**Task directions**. For this exercise, write out the whole listing below exactly, omitting its images.

**Material provided**.
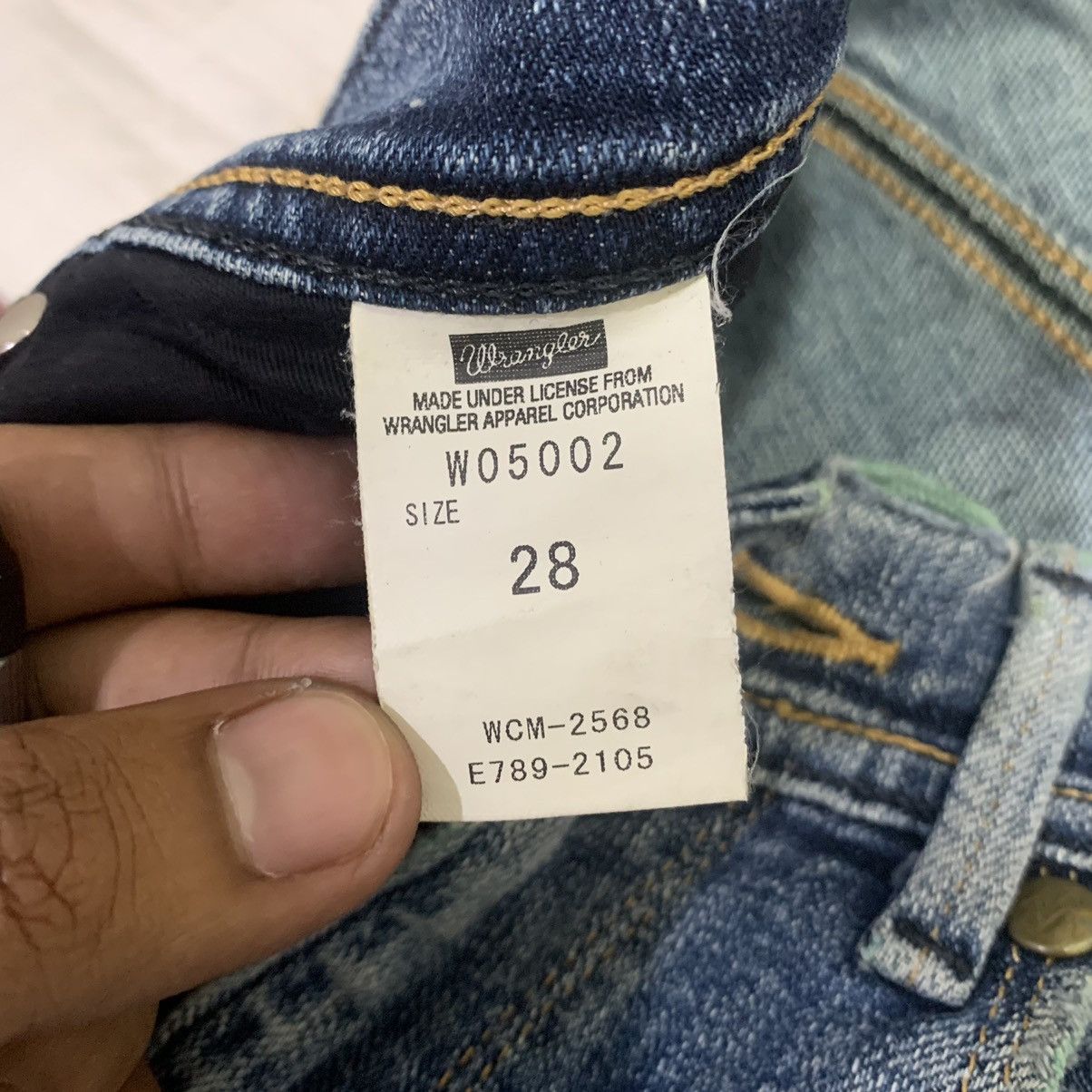 Wrangler WRANGLER Vintag 90s Stonewash Indigo Distressed Denim Jeans Size US 29 - 19 Thumbnail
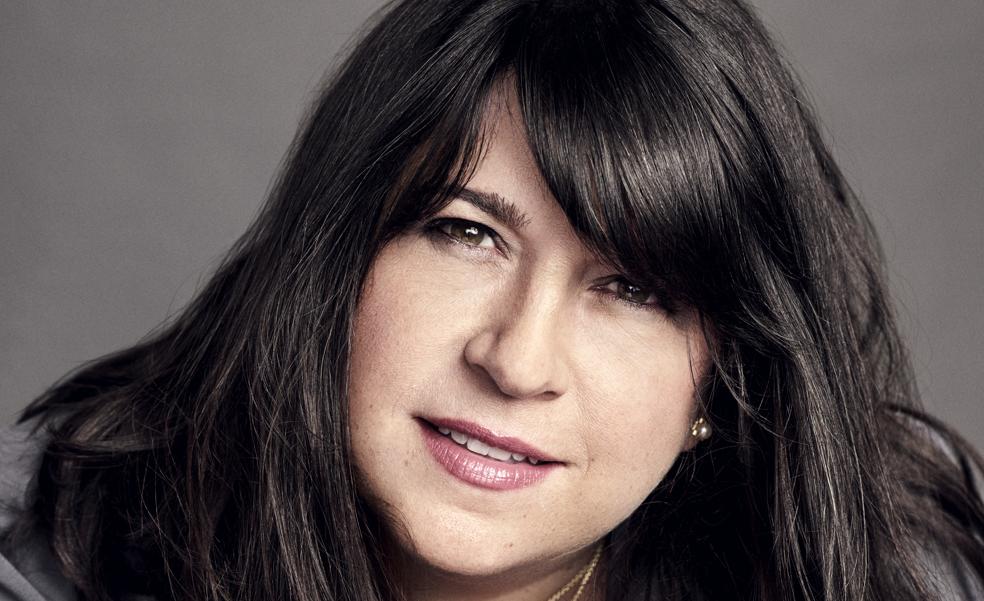 Hablamos con E.L. James, autora de 50 sombras de Grey, sobre el amor, la pasión latina y su nueva novela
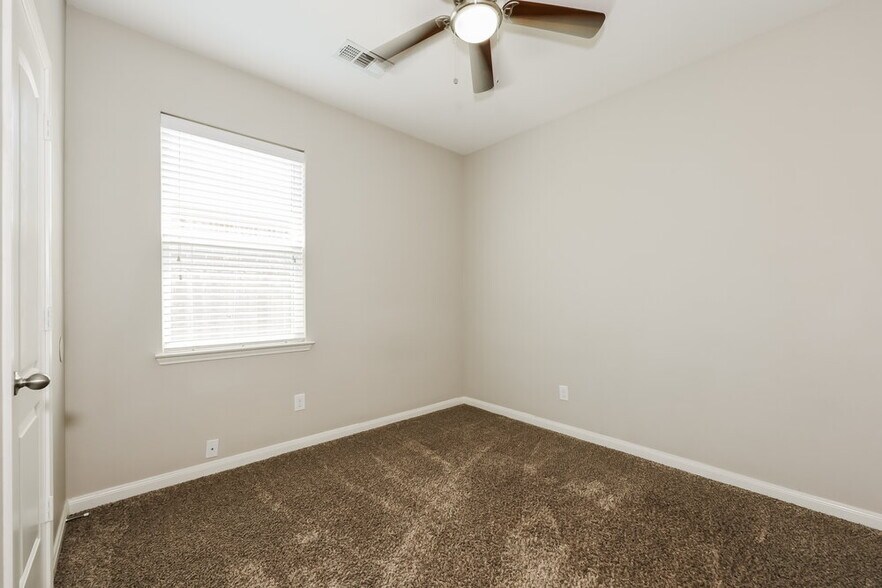 Building Photo - 6120 Chalk Hollow Dr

**Response**.
 Wrangler WRANGLER Vintag 90s Stonewash Indigo Distressed Denim Jeans Size US 29 - 19 Thumbnail
 Hablamos con E.L. James, autora de 50 sombras de Grey, sobre el amor, la pasión latina y su nueva novela
 Building Photo - 6120 Chalk Hollow Dr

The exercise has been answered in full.